[TASK ITEM]:
Return the lines from the one containing "Xtronic N-Connecta #82" to the end of the material, both end lines included, exactly and with nothing else.
(DATA FOR THE TASK begins)
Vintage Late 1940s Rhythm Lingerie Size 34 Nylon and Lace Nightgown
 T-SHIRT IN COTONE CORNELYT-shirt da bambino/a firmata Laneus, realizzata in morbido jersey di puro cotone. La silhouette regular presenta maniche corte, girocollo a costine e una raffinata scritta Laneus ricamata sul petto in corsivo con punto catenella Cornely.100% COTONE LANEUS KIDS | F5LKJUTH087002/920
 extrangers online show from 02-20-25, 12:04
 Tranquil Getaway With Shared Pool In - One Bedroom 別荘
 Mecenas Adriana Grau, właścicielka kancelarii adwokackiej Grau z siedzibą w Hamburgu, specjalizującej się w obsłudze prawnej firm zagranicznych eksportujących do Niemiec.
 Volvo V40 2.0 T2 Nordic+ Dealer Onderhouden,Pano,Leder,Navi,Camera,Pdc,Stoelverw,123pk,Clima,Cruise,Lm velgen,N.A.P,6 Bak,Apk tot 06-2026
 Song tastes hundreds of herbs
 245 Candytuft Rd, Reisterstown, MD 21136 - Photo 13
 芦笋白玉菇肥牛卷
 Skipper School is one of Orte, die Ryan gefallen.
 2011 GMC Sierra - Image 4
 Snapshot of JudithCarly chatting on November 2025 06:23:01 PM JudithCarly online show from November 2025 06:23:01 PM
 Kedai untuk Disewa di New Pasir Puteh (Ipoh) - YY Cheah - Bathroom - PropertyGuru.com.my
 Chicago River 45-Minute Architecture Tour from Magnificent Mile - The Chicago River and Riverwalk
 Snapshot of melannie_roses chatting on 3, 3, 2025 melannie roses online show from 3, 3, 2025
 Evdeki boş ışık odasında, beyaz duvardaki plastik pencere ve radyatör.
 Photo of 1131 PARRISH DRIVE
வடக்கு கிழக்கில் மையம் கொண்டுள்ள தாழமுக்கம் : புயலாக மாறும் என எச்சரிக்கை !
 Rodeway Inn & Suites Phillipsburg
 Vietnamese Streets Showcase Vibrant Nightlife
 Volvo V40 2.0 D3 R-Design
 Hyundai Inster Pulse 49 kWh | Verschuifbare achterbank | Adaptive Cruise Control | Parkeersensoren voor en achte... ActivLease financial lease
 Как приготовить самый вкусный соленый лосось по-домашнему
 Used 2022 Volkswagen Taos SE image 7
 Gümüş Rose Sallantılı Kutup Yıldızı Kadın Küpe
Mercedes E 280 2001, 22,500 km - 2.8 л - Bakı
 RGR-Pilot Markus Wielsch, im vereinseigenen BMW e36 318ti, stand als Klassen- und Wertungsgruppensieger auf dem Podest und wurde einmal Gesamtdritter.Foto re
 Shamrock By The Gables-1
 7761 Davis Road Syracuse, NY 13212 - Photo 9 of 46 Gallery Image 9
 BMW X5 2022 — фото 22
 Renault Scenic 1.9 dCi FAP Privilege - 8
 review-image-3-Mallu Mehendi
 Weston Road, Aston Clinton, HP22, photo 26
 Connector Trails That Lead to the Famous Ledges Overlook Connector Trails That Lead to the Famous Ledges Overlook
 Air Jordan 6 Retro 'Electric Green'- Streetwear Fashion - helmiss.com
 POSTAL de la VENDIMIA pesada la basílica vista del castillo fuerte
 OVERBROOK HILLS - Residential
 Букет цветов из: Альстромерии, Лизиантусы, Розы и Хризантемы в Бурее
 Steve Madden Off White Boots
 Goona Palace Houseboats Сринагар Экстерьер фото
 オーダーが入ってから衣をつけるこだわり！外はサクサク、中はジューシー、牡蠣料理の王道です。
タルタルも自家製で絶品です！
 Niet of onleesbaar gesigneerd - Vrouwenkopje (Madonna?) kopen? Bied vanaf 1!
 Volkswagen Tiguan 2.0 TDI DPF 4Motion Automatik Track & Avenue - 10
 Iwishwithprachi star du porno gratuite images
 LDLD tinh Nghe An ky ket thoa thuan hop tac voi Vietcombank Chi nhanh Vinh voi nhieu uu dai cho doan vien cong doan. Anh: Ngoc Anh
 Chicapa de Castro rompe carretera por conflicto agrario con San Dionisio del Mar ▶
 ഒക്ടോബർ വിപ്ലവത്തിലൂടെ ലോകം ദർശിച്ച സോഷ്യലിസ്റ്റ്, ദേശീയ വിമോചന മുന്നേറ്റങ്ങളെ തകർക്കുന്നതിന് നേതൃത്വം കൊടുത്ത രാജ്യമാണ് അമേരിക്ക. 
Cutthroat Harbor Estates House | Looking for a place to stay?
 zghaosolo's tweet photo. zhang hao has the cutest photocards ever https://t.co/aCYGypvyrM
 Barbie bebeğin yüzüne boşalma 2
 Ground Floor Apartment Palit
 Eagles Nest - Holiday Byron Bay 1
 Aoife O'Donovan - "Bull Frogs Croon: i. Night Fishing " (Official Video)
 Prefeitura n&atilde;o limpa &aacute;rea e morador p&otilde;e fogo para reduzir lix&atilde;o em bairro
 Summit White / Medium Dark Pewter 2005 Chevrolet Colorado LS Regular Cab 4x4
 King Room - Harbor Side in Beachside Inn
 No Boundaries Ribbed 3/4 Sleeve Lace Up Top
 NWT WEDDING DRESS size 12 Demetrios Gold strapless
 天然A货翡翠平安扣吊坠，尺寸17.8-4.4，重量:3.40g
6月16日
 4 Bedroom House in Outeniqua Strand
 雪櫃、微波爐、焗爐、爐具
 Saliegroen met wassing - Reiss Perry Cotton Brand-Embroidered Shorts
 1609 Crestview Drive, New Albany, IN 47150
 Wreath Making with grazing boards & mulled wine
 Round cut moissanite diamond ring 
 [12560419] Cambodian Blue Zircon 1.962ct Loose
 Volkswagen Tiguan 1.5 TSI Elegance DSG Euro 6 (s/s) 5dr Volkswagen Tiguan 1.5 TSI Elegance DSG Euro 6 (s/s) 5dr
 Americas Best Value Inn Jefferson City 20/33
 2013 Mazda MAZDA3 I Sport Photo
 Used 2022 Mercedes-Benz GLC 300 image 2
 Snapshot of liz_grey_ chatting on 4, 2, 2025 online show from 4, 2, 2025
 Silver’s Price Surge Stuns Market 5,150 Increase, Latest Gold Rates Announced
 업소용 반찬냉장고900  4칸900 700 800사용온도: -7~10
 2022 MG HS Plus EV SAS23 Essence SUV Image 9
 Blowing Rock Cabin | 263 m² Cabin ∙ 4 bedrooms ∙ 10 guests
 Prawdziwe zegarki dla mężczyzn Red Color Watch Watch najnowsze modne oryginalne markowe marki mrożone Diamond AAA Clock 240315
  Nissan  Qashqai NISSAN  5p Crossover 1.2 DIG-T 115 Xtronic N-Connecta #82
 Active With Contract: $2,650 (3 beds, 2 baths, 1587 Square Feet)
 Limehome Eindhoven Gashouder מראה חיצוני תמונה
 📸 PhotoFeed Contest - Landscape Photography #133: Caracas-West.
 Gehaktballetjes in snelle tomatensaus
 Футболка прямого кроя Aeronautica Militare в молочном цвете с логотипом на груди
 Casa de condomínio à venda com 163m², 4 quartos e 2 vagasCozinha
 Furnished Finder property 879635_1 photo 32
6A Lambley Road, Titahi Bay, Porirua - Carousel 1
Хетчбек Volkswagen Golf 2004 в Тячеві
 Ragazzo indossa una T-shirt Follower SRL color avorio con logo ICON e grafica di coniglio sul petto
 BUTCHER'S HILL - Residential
(DATA FOR THE TASK ends)
[RESPONSE AREA]:
  Nissan  Qashqai NISSAN  5p Crossover 1.2 DIG-T 115 Xtronic N-Connecta #82
 Active With Contract: $2,650 (3 beds, 2 baths, 1587 Square Feet)
 Limehome Eindhoven Gashouder מראה חיצוני תמונה
 📸 PhotoFeed Contest - Landscape Photography #133: Caracas-West.
 Gehaktballetjes in snelle tomatensaus
 Футболка прямого кроя Aeronautica Militare в молочном цвете с логотипом на груди
 Casa de condomínio à venda com 163m², 4 quartos e 2 vagasCozinha
 Furnished Finder property 879635_1 photo 32
6A Lambley Road, Titahi Bay, Porirua - Carousel 1
Хетчбек Volkswagen Golf 2004 в Тячеві
 Ragazzo indossa una T-shirt Follower SRL color avorio con logo ICON e grafica di coniglio sul petto
 BUTCHER'S HILL - Residential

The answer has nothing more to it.